(WHAT THE EXERCISE ASKS):
The reply must contain exactly the lines below from the one with "The Flintstones Taş" down to the one with "Modal Satin Kurti", both included, and nothing more; please omit the pictures.

(DATA FOR THIS TASK):
______

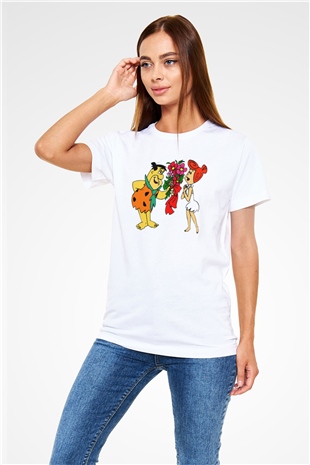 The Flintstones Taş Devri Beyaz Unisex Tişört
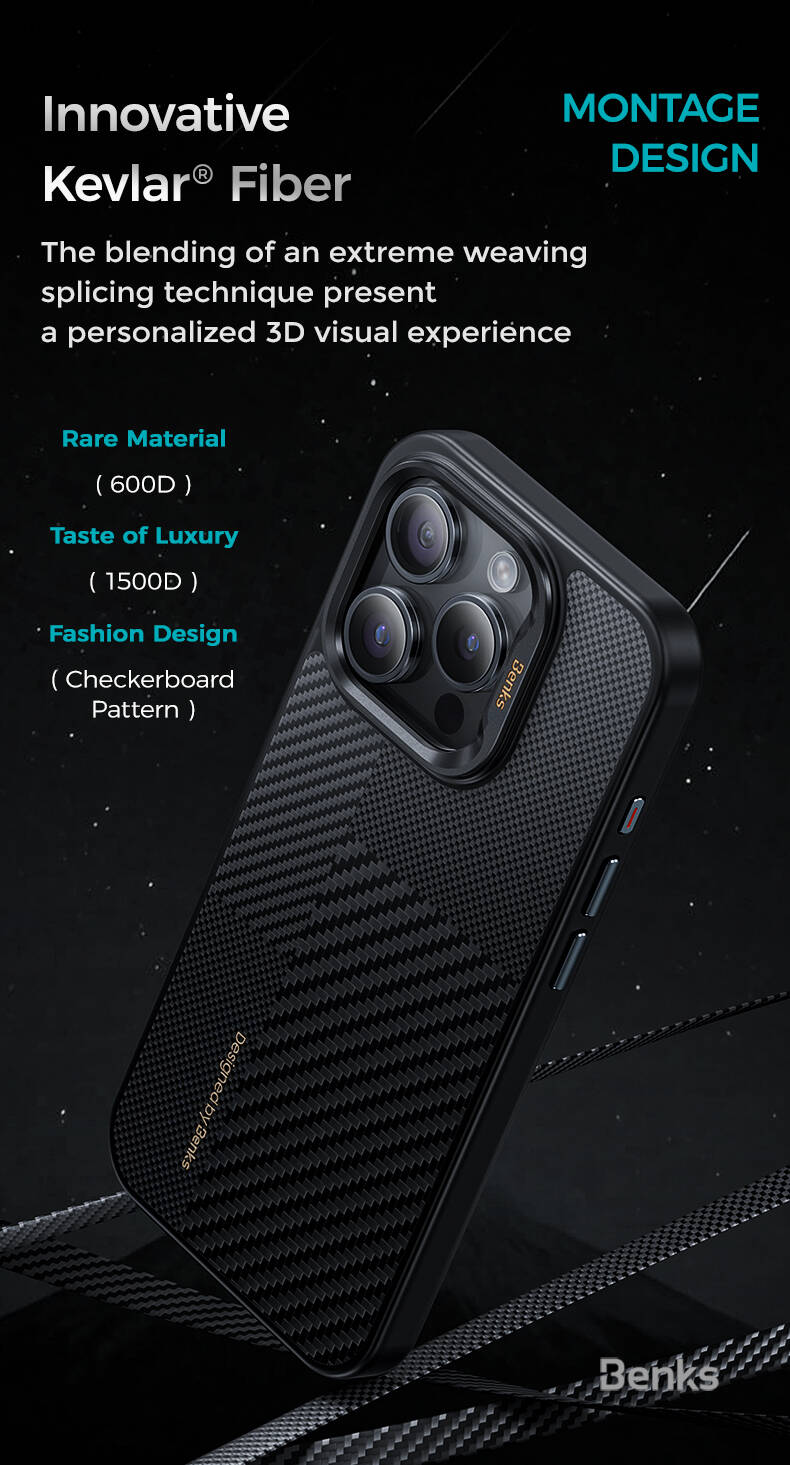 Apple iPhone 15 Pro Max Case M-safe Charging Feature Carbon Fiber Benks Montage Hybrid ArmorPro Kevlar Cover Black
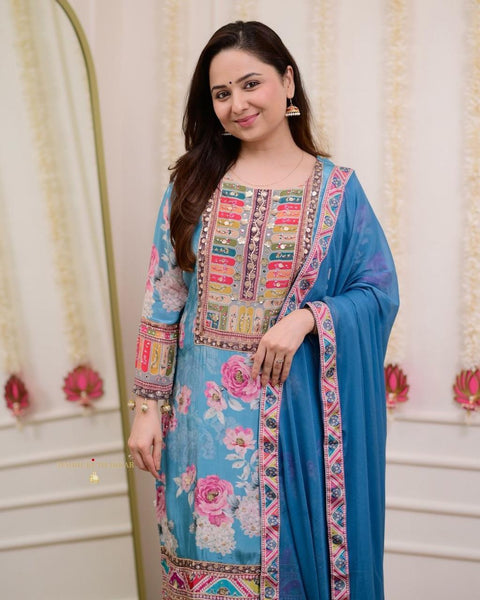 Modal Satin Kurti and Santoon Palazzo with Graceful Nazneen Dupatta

______

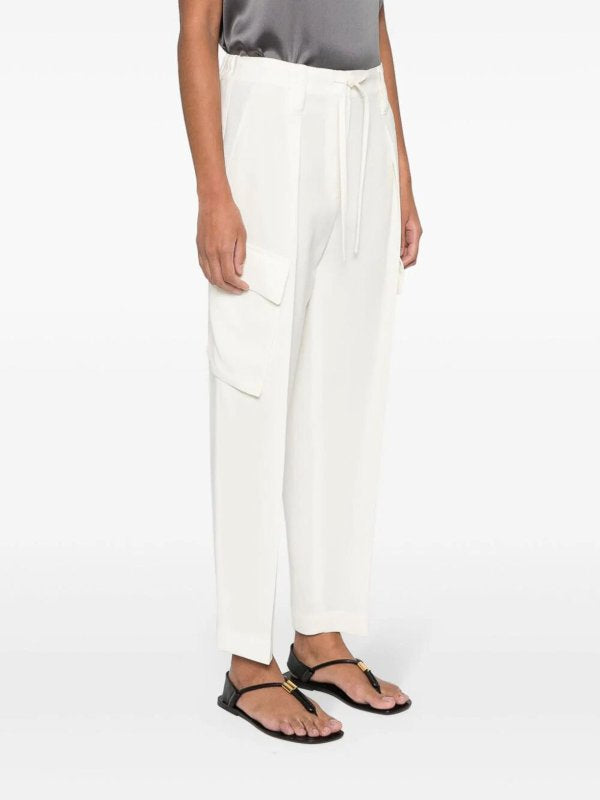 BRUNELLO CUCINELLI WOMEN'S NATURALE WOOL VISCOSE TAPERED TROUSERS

______

(ANSWER):
 The Flintstones Taş Devri Beyaz Unisex Tişört
 Apple iPhone 15 Pro Max Case M-safe Charging Feature Carbon Fiber Benks Montage Hybrid ArmorPro Kevlar Cover Black
 Modal Satin Kurti and Santoon Palazzo with Graceful Nazneen Dupatta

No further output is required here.